Kyle looked to where Danzigger was pointing. Danzigger thought the space seemed a bit brighter than it did when he first entered it. Something flickering caught his eye and he looked in that direction. He saw two constellations of sparks floating some distance away from him and Kyle that flickered in time to the music the boys had just sung.
“Look at that!” said Danzigger.
“Ah! It happened again,” said Kyle. “One clump of sparks appeared when I sang in here the first time.”
“And now two more have appeared. I think we should sing in this place many times and create more light here.”
“It is hard for me to get away, but I will try,” said Kyle.

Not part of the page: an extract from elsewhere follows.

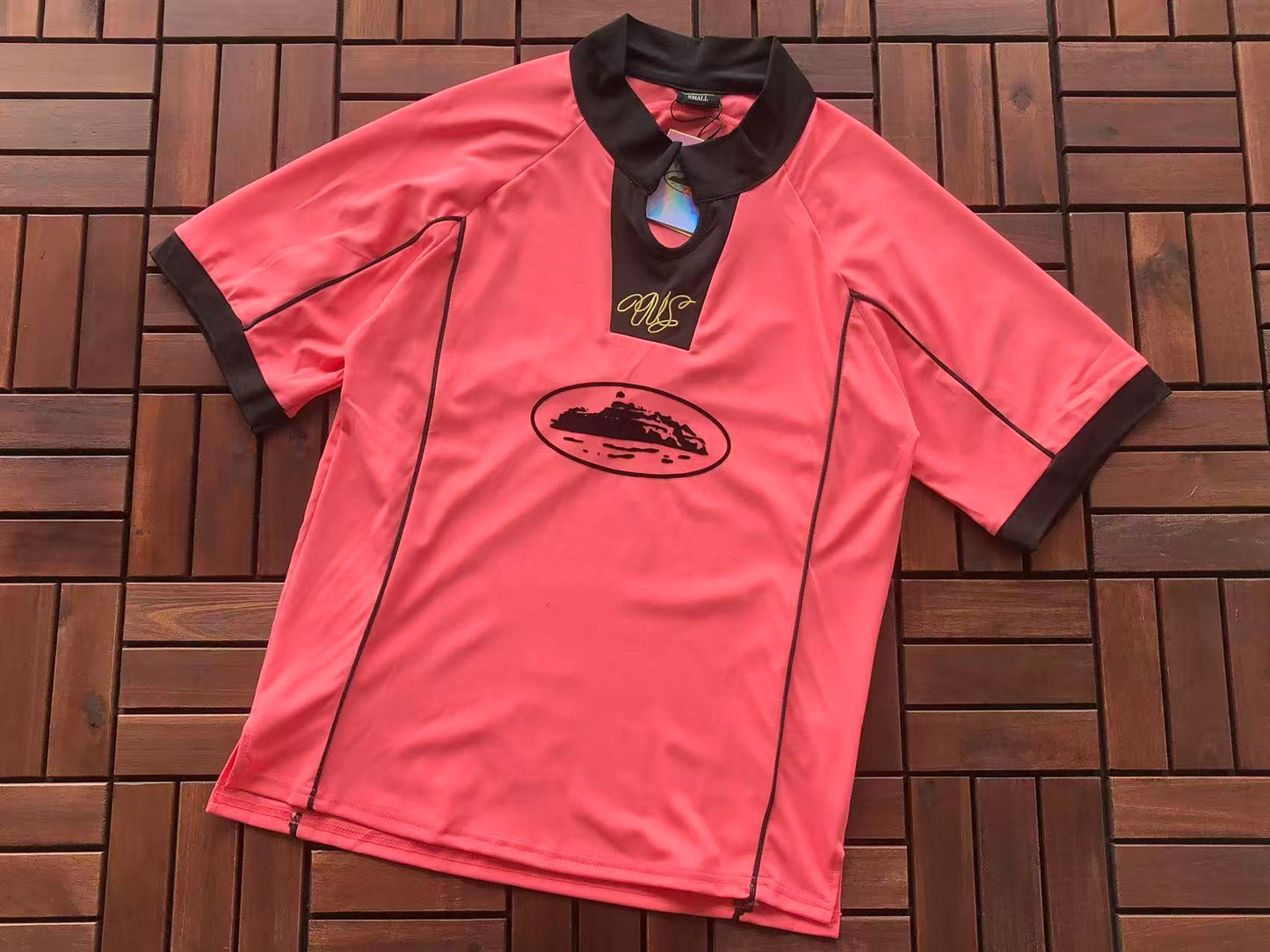 CORTEIZ ALCATRAZ REFLECTIVE COLLARED JERSEY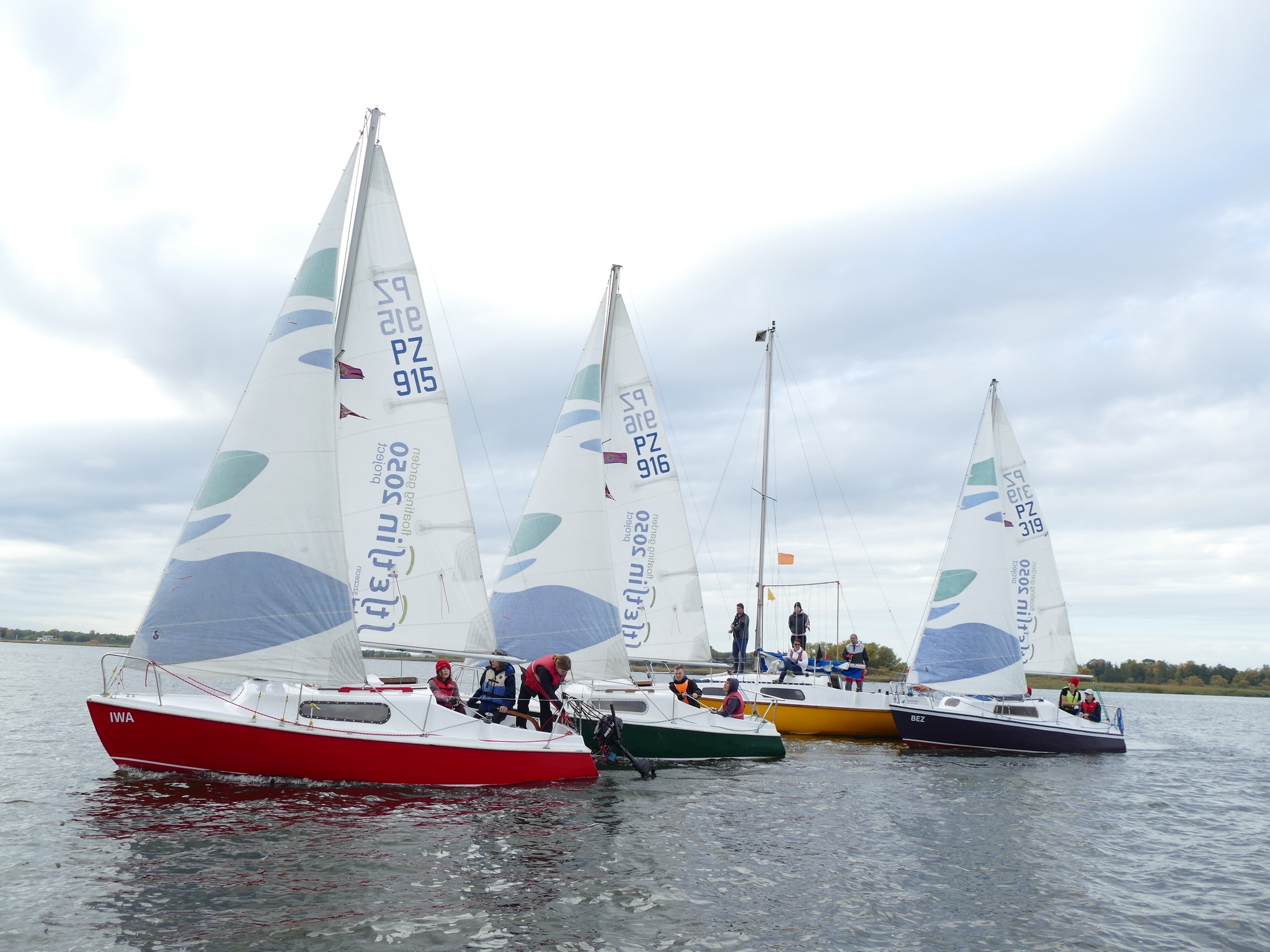 Uprawnienia do sterowania łodzią motorowodną czy patent żeglarza jachtowego - w Centrum Żeglarskim w Szczecinie ruszają szkolenia, które pomogą w zdobyciu niezbędnych umiejętności i patentów żeglarskich.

“I must return to my own people,” said Danzigger. “I hope I see you again and hear you again soon. You song is healing. I will say nothing to anybody who will hurt you for singing.”
“I hope I see you again, too,” said Kyle.
Danzigger picked his way out of the room. It was easier now that he could see the piles of materials more clearly. He found the opening to the lake side and stepped right into something soft and furry. Danzigger struggled to keep his balance and something soft and wet touched his neck. Behind him, lashampas were lapping up the water from the lake.
“You didn’t really think you could get out of herding the lashampas altogether, did you?” asked Petzigger with a look that could have burned the skin off Danzigger’s face.